El Banco de Japón mantuvo su tasa de referencia a corto plazo en el 0,5% en septiembre de 2025, conservando los costes de financiación en su nivel más alto desde 2008 y en línea con el consenso. La decisión, aprobada por 7 votos a favor y 2 en contra, se produjo en un contexto de riesgos vinculados a la situación política de Japón y al impacto de los aranceles de EE. UU., y tras el primer recorte de tipos de la Reserva Federal estadounidense desde diciembre.

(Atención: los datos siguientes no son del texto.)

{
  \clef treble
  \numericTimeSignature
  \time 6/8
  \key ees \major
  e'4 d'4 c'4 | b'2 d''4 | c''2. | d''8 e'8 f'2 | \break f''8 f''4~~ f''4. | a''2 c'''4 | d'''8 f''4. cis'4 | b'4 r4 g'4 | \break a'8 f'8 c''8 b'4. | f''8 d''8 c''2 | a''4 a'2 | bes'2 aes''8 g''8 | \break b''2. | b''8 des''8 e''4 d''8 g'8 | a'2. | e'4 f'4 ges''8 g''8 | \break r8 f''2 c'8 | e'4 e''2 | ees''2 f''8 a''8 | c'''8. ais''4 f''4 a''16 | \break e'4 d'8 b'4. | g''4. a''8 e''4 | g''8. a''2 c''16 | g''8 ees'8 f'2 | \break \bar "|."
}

En la misma reunión, el BoJ anunció que comenzará a vender sus participaciones en fondos cotizados (ETF) por unos 330.000 millones de yenes anuales y en fondos de inversión inmobiliaria (J-REIT) por alrededor de 5.000 millones de yenes, lo que señala nuevos pasos hacia la normalización de la política monetaria.

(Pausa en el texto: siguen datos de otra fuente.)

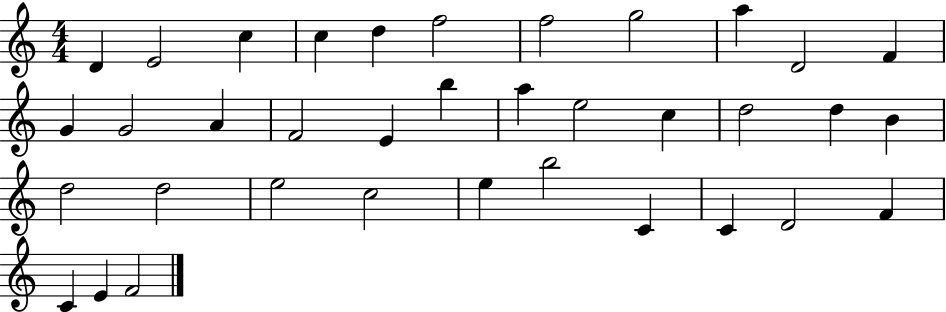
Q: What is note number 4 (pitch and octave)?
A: C5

El consejo consideró que la economía japonesa se ha recuperado de forma moderada a pesar de ciertas debilidades. El consumo privado estuvo respaldado por la mejora del empleo y de las rentas, aunque el sentimiento se debilitó, mientras que las exportaciones y la producción industrial permanecieron contenidas. La inflación se situó entre el 2,5% y el 3,0%, impulsada principalmente por los precios de los alimentos, especialmente el arroz, mientras que las expectativas de inflación repuntaron ligeramente y se prevé que el IPC subyacente aumente gradualmente.